Penfolds Bin 170 Kalimna Vineyard Block 3C Barossa Valley Shiraz 2010, $1,800
Penfolds’ first experimental Bin 170 was born in 1973 from Block 3C of its 19th century Kalimna Vineyard, almost blended with Bin 169 Cabernet, were it not for a last minute directive to keep it separate. In 2010, the same 3C component that would normally contribute to Grange was identified as something very special aromatically during fermentation, and released under the same Bin number to commemorate Penfold’s 170th in 2014. Early identification permitted fermentation in 100% new French oak rather than the American oak Grange program. I first encountered this wine in the Rewards of Patience tastings eighteen months ago, where I rated it among the top half dozen Penfolds Special Bins of the past five decades. It’s an impossibly impenetrable, deep black, with a fluorescent purple rim. The bouquet is potently concentrated and breathtakingly focused, with lifted violets, textbook precise blackberries and plums, becoming black olives, liquorice and coal dust with time in bottle. The palate is a sheer epiphany of epically built power and integrity, with purity of unremitting precision, astonishingly generous and open fruit, yet at every moment coiled and tightly sprung, with beautifully fine, intoxicatingly pronounced tannins. Dark chocolate and coffee oak is already supremely integrated. The ultimate expression of that mesmerising character of 2010 to marry approachable integration with enduring longevity. Is it worth $1,800? It would be, were it First Growth Bordeaux or Grand Cru Burgundy. Bin 170 is every bit in the same league. Cork sealed, sadly. Available 1 May 2014.

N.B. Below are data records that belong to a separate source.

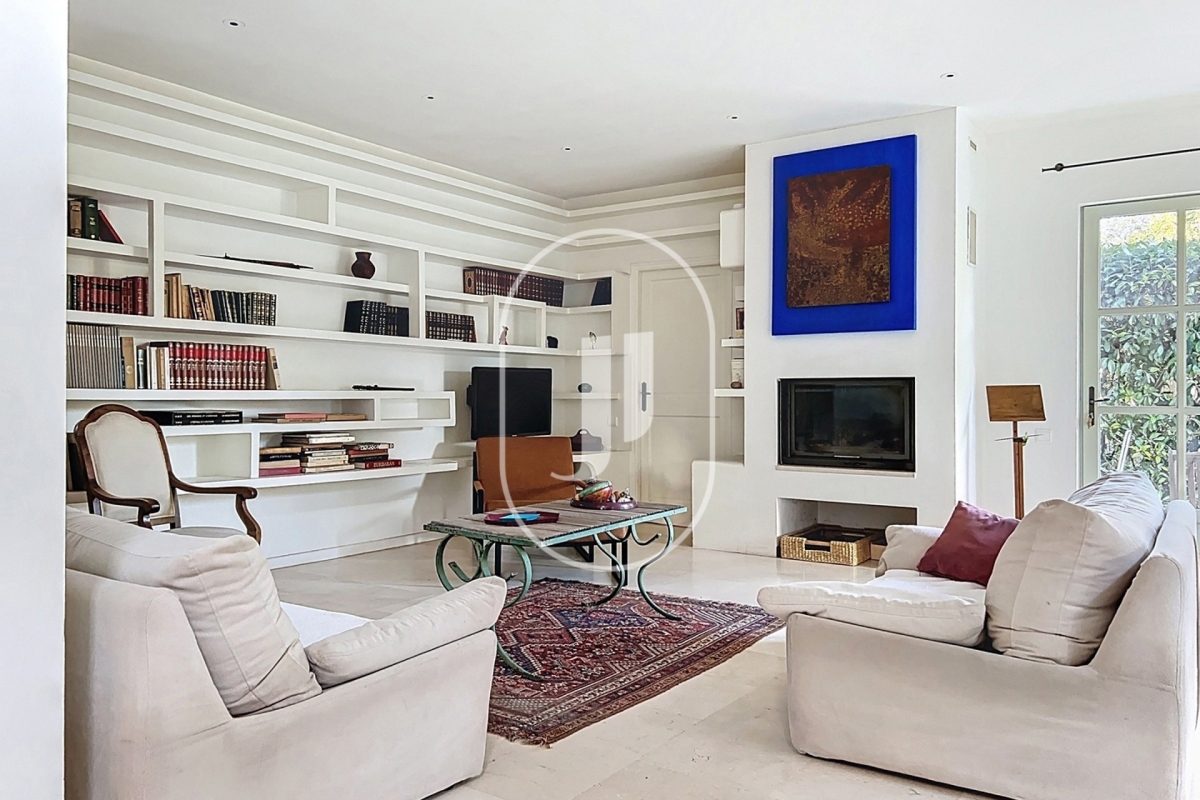 Maison de luxe à vendre à Uzès, 825 000 €, Photo 2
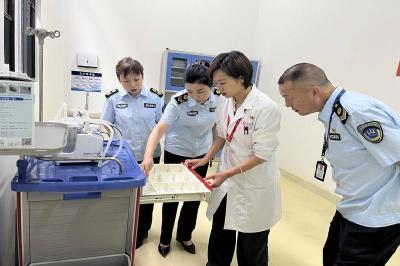 石首市疾控中心开展民营医疗机构传染病防控和安全生产专项检查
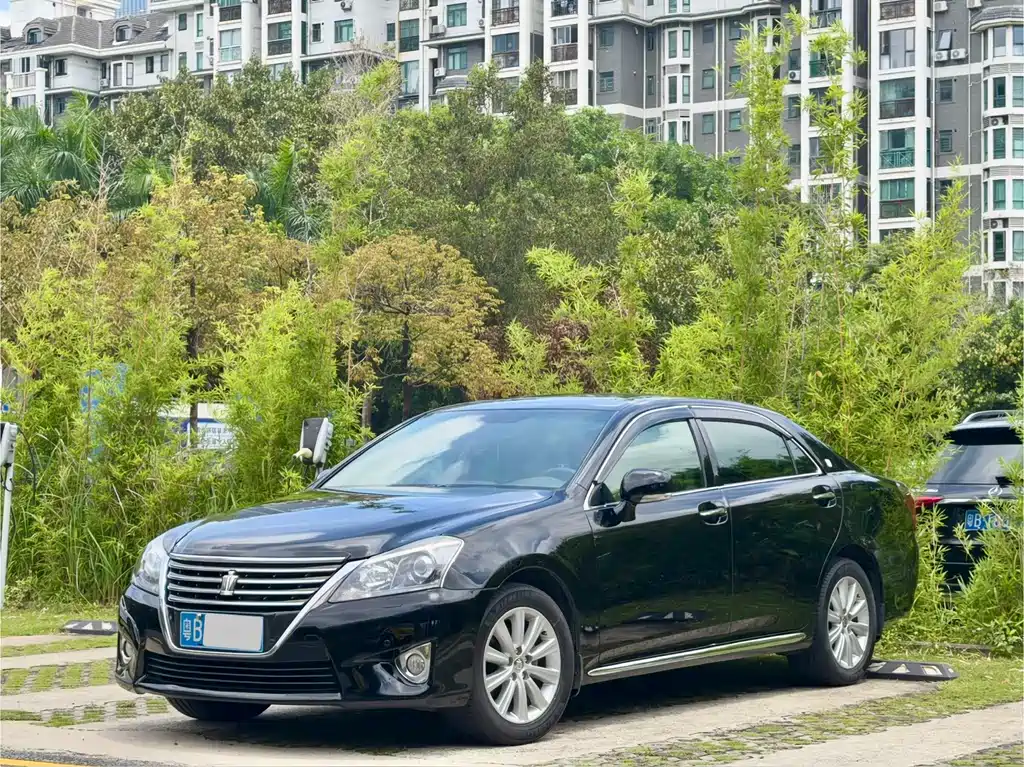 Toyota Crown 2014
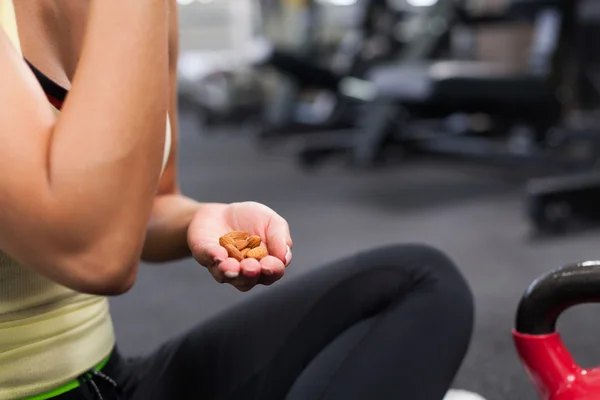 Mujer feliz teniendo un descanso de hacer ejercicio en el gimnasio — Foto de Stock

Penfolds Rare Aged Tawny Minimum Average Blended Age Fifty Years NV, $3,550
A treasure has emerged from the depths of Penfold’s cellars, a solera commencing in 1915, the foundation of the very first Grandfather cask, encompassing the 1940 and 1945 Grandfathers as well as components of the very first Great Grandfather release in 1994. In all, a minimum average age of more than half a century, older than any other commercially available in this country, bar Seppeltsfield 100 Year Old Para Vintage Tawny itself. Yet here distinctive and unique as a blend spanning almost a century, a celebration of hedonistic complexity of grand proportions of rancio character and bitter roast hazelnut yet, crucially, wonderfully poised and masterfully blended with delightfully balanced fresh components. Such is its potency that you can smell it before you even begin to raise the glass. At this age, acidity and complexity become potent, and this is not a wine to drink at pace but to be savoured, which is just as well, at this price. A blend of shiraz, grenache, mataro and cabernet, among other varieties. 330 bottles released annually in individually hand blown bottles adorned with a hand crafted oak muselet and pewter features.